Stygian: Reign of the Old Ones is an extremely well written and immersive H.P. Lovecraft inspired game and I would highly recommend it to anyone looking for a role-play heavy RPG experience, especially fans of the Divinity series and the like.
Developed by Cultic Games, Stygian is essentially a 2D point and click Adventure/RPG with an emphasis on dialogue choices that match the character you are role-playing as. This is done through what the game calls “belief systems” – as a reward for playing in character (i.e. making dialogue choices that match up with what your character believes in, whether it be faith in God, materialistic tendencies, or straight up Nihilism, to name a few), your character will gain sanity points which are used in skills and other aspects of the game. The audacity of the dialogue was tremendous – no punches pulled, it was vibrant, profanity was present but not gratuitous – humor involved in certain places but it fell into place and really helped to reveal the psyche of the various characters you will interact with. Furthermore, the character creator options are extensive and full of flavor text and meaningful stat changes, which does a lot to help you really get into the role-playing aspect of the character you are making.
We found that with our experience in Divinity things definitely clicked – they share almost the same UI layout that you would expect from Divinity and the skill system is more or less the same (Attributes + Skills + Perks that are available depending on what skills you have chosen). There is a lot of information and things going on under the hood but the game does an excellent job of going into detail with pop-ups to explain exactly what attributes mean for you as the player, and the flavor text is rich and well written. This definitely added a lot to immersing the player in the overall setting as they progress in the game and begin to unravel the main story.
The visuals really help to bring things to life – Hand drawn 2D environments and characters that reminded us of the early comic strip/book art styles of the late 1930’s and early 1940’s with a heavy focus on a depressing, dreary, and dirty atmosphere – despite this, colors still manage to pop and it all helps to better bring the nature of the story to life. Environments are generally worn, decayed, or overrun with vegetation (usually a mix of everything!) – perfectly suitable for an H.P. Lovecraft inspired tale.
The Sound design in this game is serviceable – there was little music to speak of in our short play-through except for battles and cut scenes (not counting The Old Eel, where the player first starts, which has a fantastic jazz-blues inspired track and fits the atmosphere perfectly), with instead the focus more on audio stings and atmospheric noise that does well to highlight the oppressive and dreary looking visuals.
The battle system, while straightforward and what you would expect from an RPG like this, had a very interesting concept – “Progressive escapes” Basically what this meant was if we did enough damage to our foes, we had the opportunity to move forward to a certain point on the grid and leave the battle in victory – we had survived, instead of fleeing.

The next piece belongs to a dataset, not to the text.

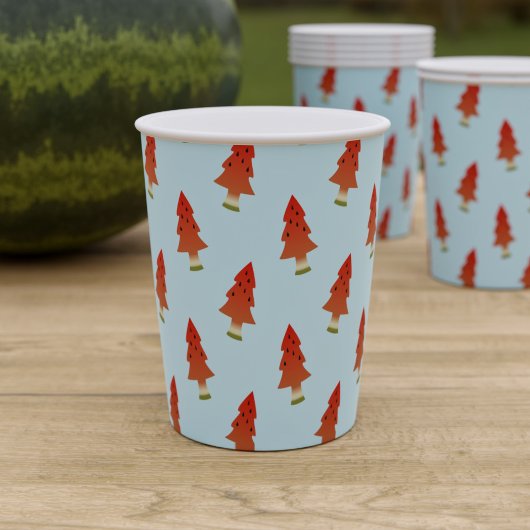 Gobelets En Papier Noël en Juillet Pastèque Arbres Tasses en Papier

The battles can be brutal, as enemies are numerous and a few unlucky turns can see your party members near death very fast. This of course encourages this method of victory in battle – we started out expecting the typical “kill everything on screen to win” mechanic and instead found ourselves completely overwhelmed and trying to do our best to manage. Everything so far in service to keeping the game and its oppressive atmosphere immersive, and it definitely achieved its objective! Worry not, you can still duke it out if you wish – though I’m not sure how long you’ll be able to hold out doing that in this game.
The only real issues we found with our experience was you could not save without also exiting the game, which can prove to be a hassle especially when you want to save right after an encounter or decision you made, as the autosave function seems to save the game only up to the point of the previous room/area you’ve been in. This means that any progress you made within that room didn’t seem to autosave until you left for a new area. Could be wrong on this but we didn’t want to take any chances! Hitting Alt-Enter to go from full screen to windowed mode worked fine, but going back to the main menu seemed to force the game back into full-screen mode. Upon going back into the game, it seemed to restrict the mouse as if it was running in windowed mode and wouldn’t allow us to hit UI buttons etc at the edges of the screen until we full-screened then went back into windowed mode once again.
Keep in mind we did not change the game’s settings from the setting menu directly, this all happened when hitting Alt + Enter. This may, however, be related to the main issue we had with the game – UI soft-locks, particularly when dealing with the settings menu. For whatever reason when going into resolution settings, or checking the key bindings, the game had a tendency to get stuck in this menu settings and our only choice was to force close the program and reload the game. We found none of these issues when dealing with the game critical sections of the UI (inventory, character screen, etc), so while definitely a game-breaking bug, we found it did not occur at all while playing with the essentials. With a patch or two at most, we assume this issue will be resolved, and in the meantime won’t have any impact while directly playing the game.
Aside from the UI issues, this game had us hooked while playing it – we needed to know more, and were happy to see the game actually lived up to its promise of not spoon feeding information and objective locations. We were expected to take the notes and objects we had collected so far and on our own initiative find the next step to progress the story-line. An absolute breath of fresh air.